■ **What to do**
Task for the records below: please copy exactly, and only, the lines from the one containing "Logitech Rugged Folio" to the last line, both included, leaving out the pictures.

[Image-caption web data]
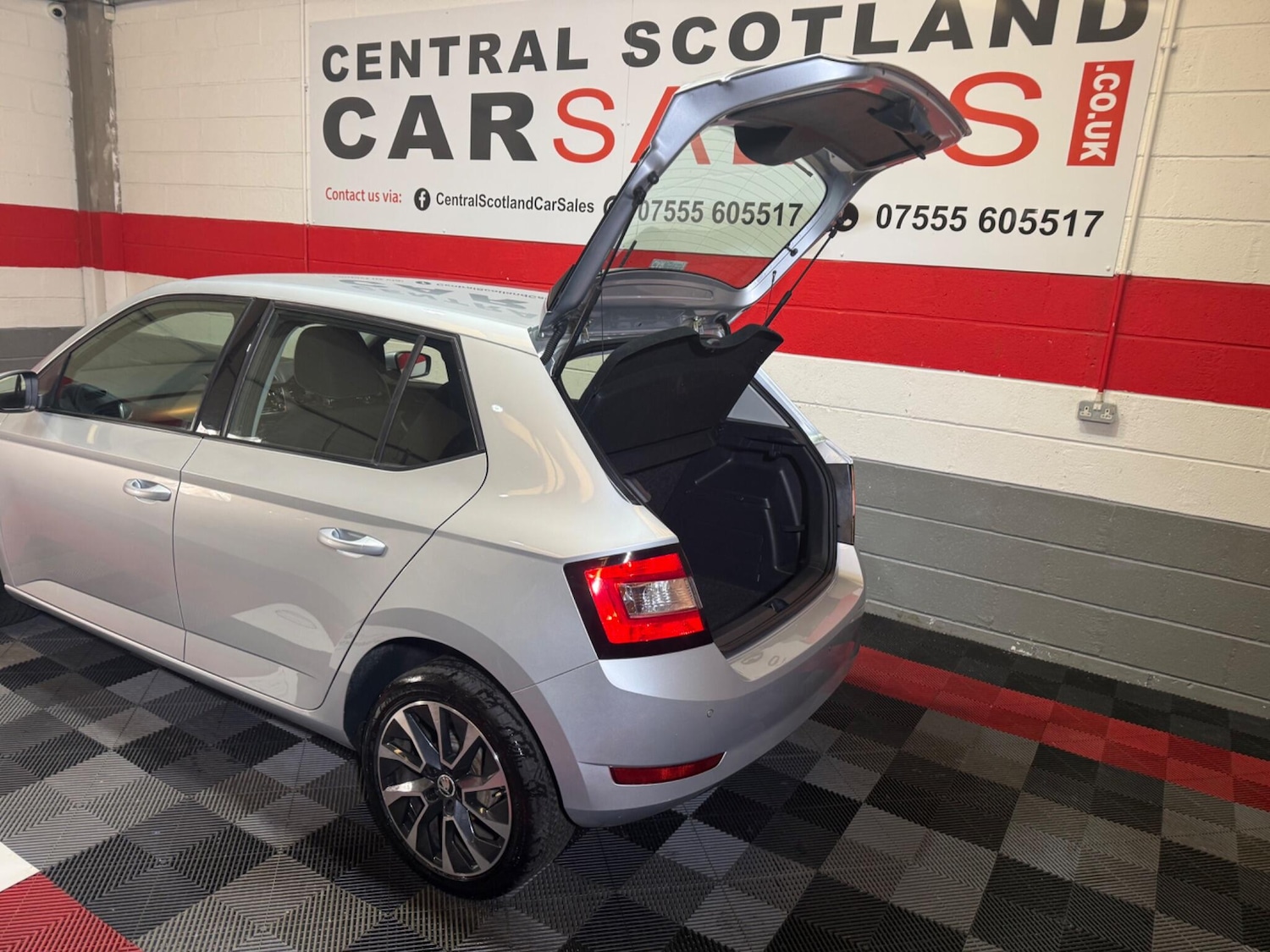 Used Skoda Fabia 2021 for sale - 78072309: Photo 12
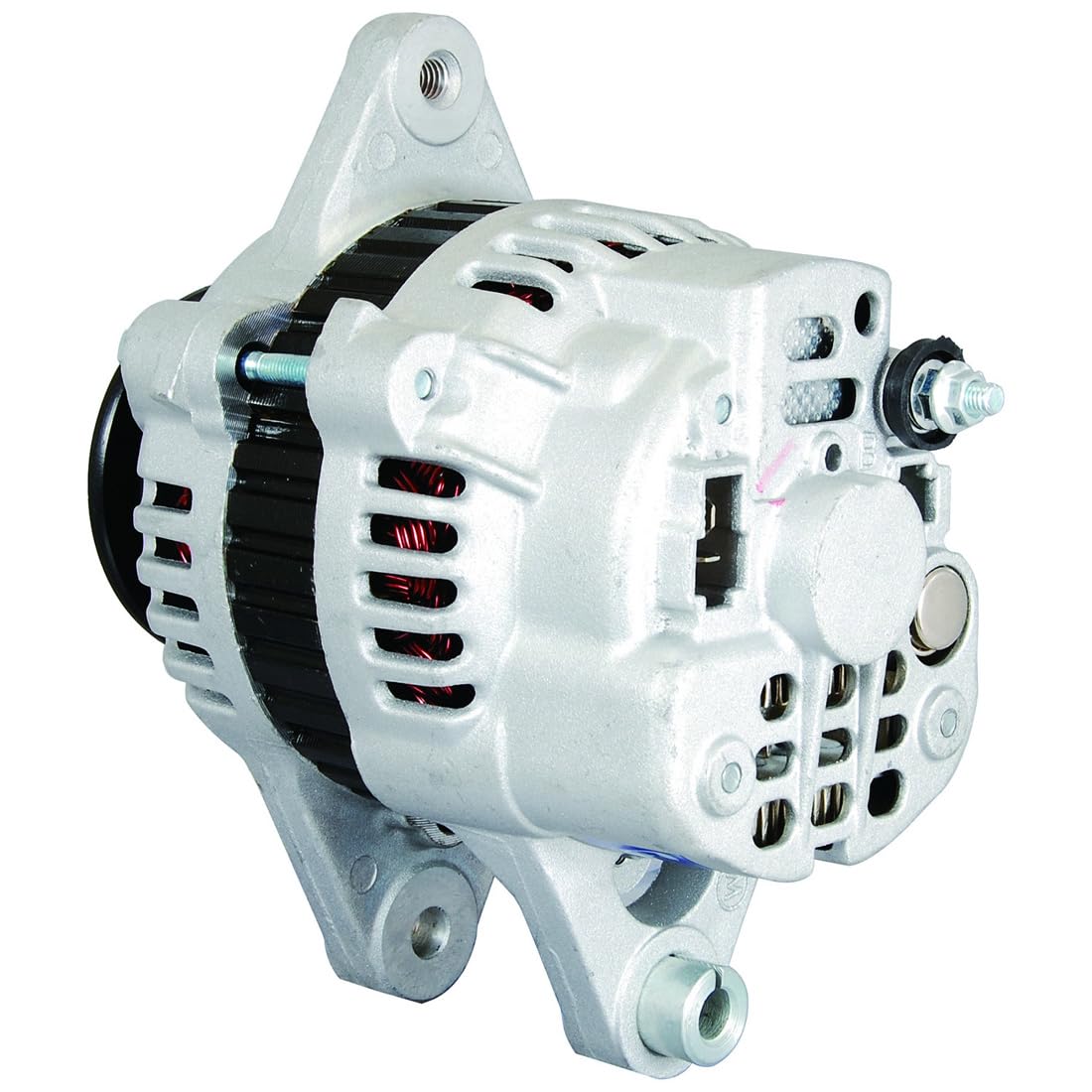 FG40-LP 6G72 Engine Alternator Replacement for 1991 Models - High Precision & Durable Performance - Perfect for Mitsubishi, Dodge, and Chrysler Vehicles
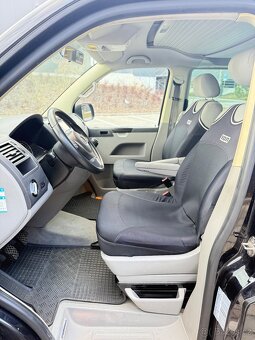 Volkswagen California,  2,0 TDI, 103kW, Servisováno - 12
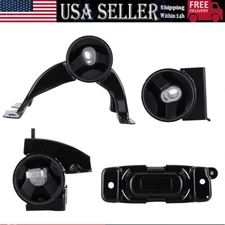 For 2012 13 14 15 Ram C/V Engine Mount Kit Engine Motor & Trans Mount Set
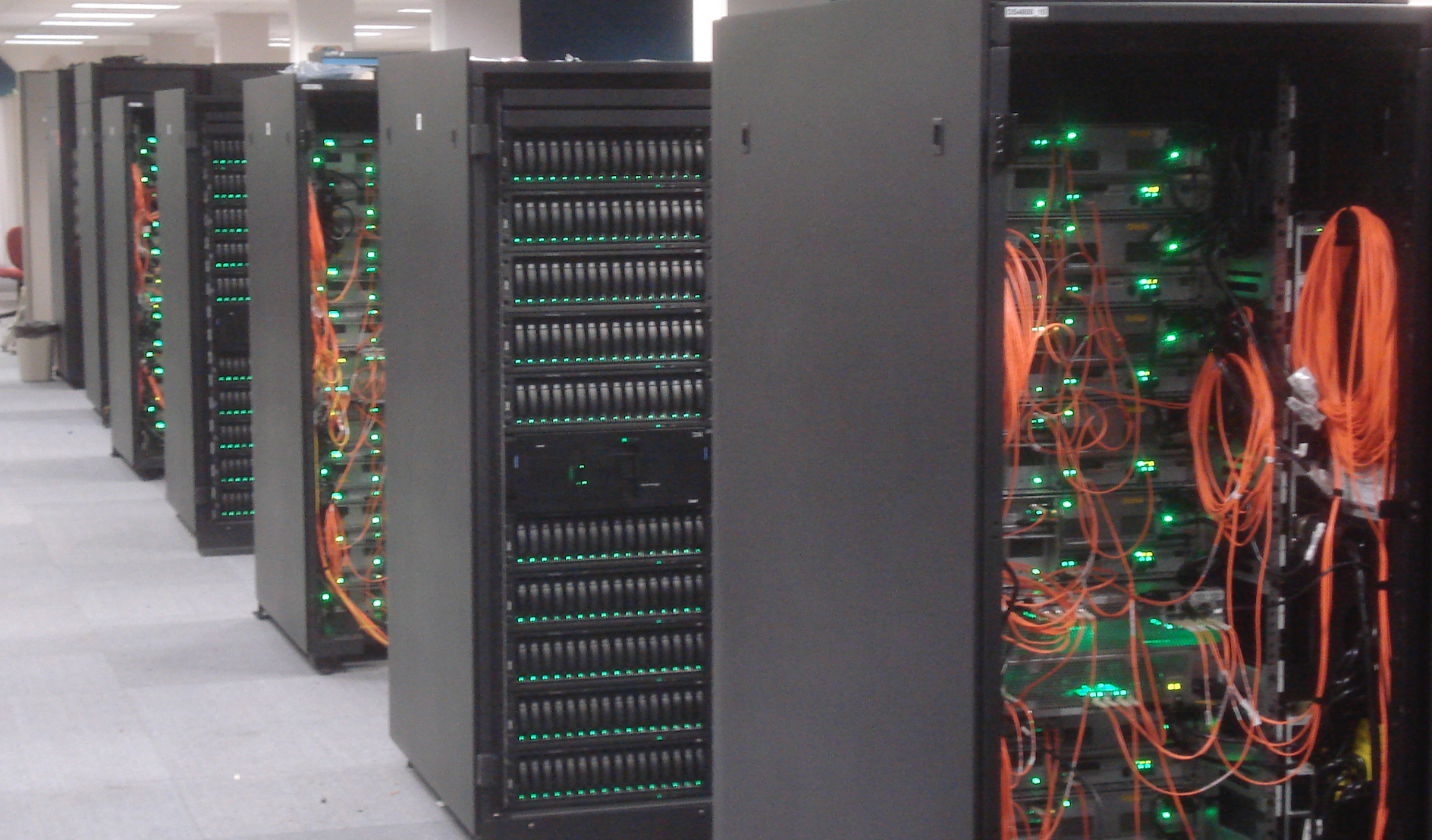 Data Centers in Space Data Centers in Space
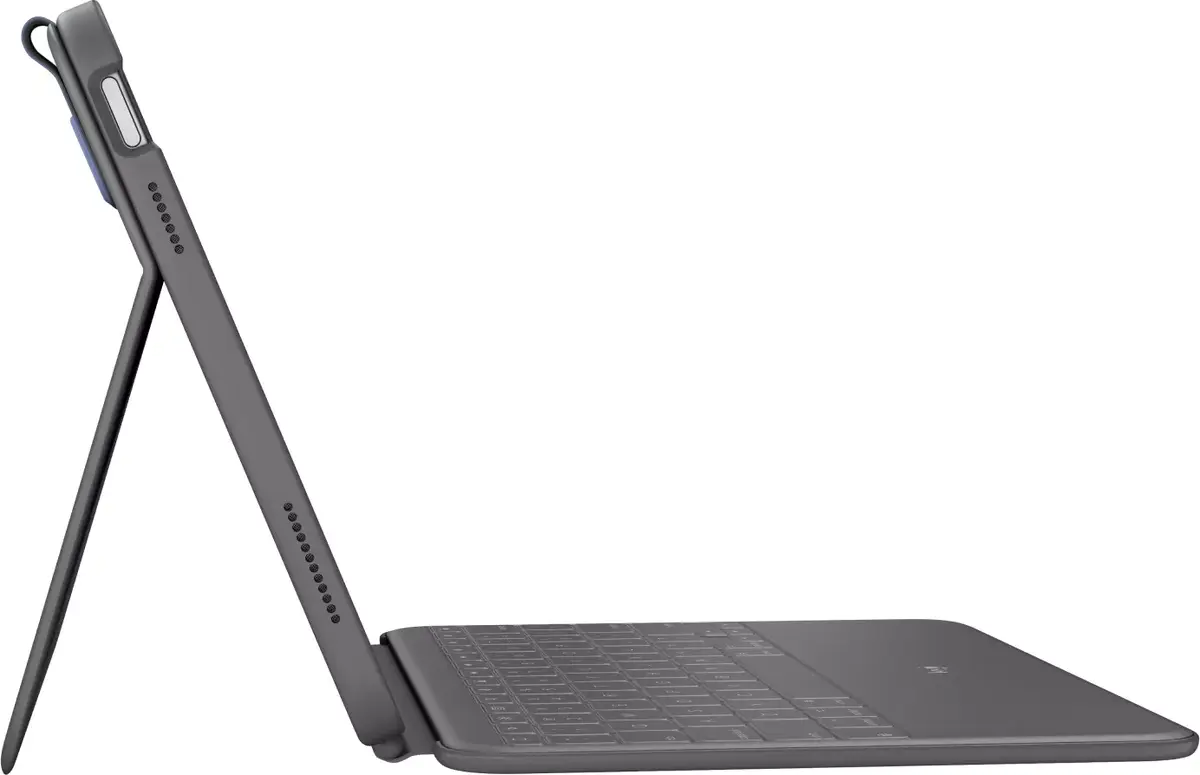 Logitech Rugged Folio tastatūras maciņš priekš iPad (10. gen) Photo 3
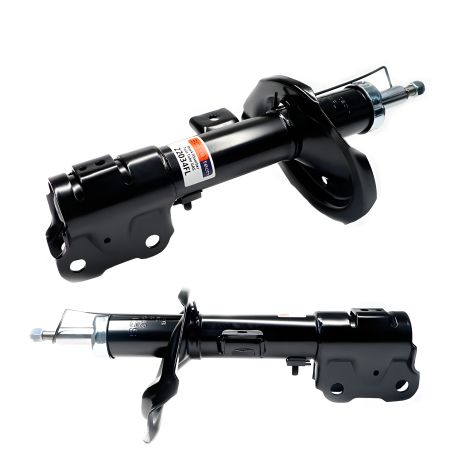 Амортизатор подвески MITSUBISHI LANCER, SATO TECH (22034FL) Амортизатор подвески MITSUBISHI LANCER, SATO TECH (22034FL)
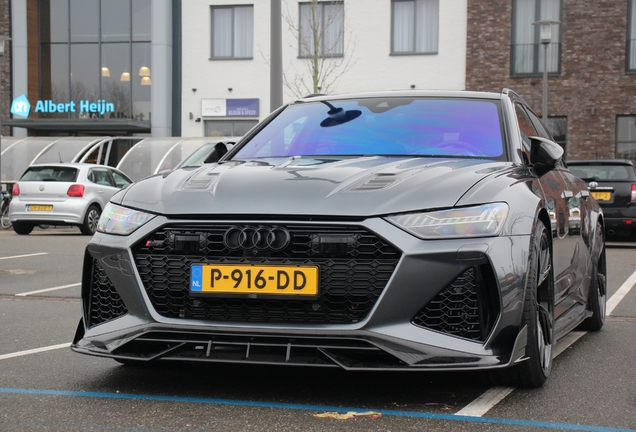 Audi RS6 Avant C8 Urban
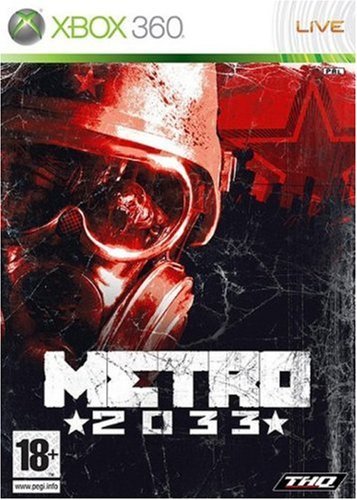 4005209130585 Metro 2033  The Last Refuge FR X36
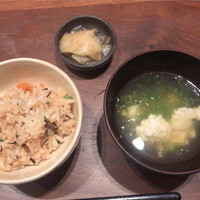 鉄板焼さわふじ - 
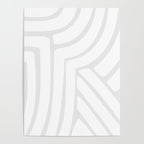 Abstract Stripes XC Poster Gallery Image 4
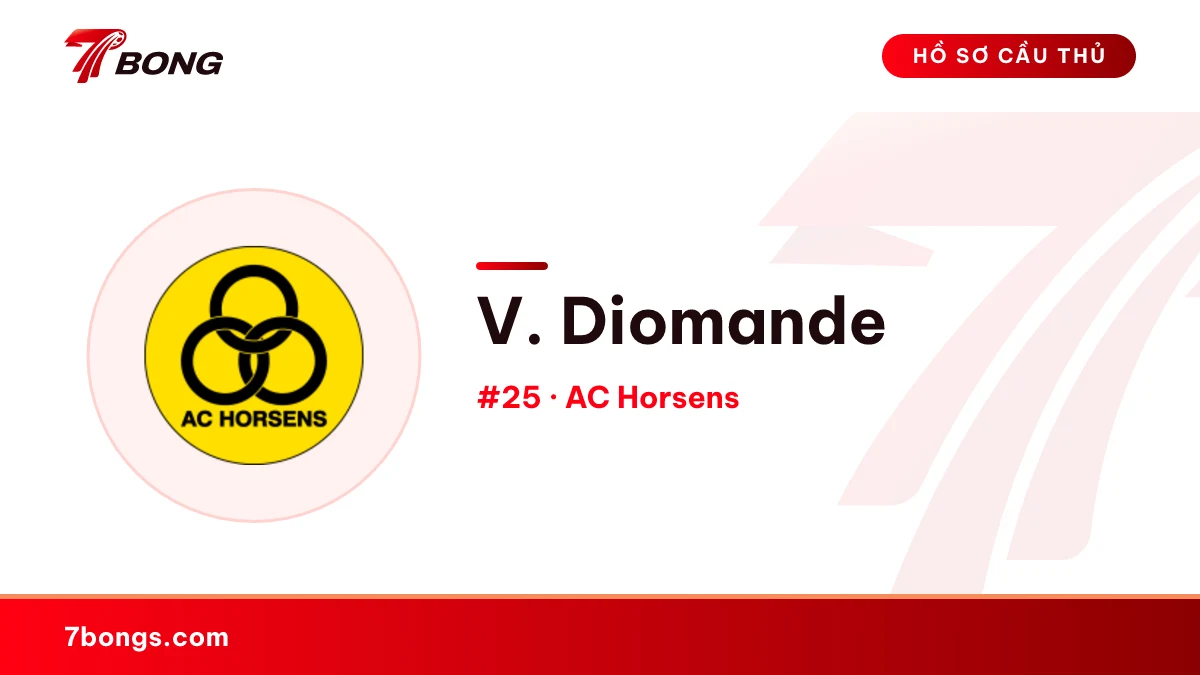 V. Diomande — AC Horsens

■ **Response to the task**
 Logitech Rugged Folio tastatūras maciņš priekš iPad (10. gen) Photo 3
 Амортизатор подвески MITSUBISHI LANCER, SATO TECH (22034FL) Амортизатор подвески MITSUBISHI LANCER, SATO TECH (22034FL)
 Audi RS6 Avant C8 Urban
 4005209130585 Metro 2033  The Last Refuge FR X36
 鉄板焼さわふじ - 
 Abstract Stripes XC Poster Gallery Image 4
 V. Diomande — AC Horsens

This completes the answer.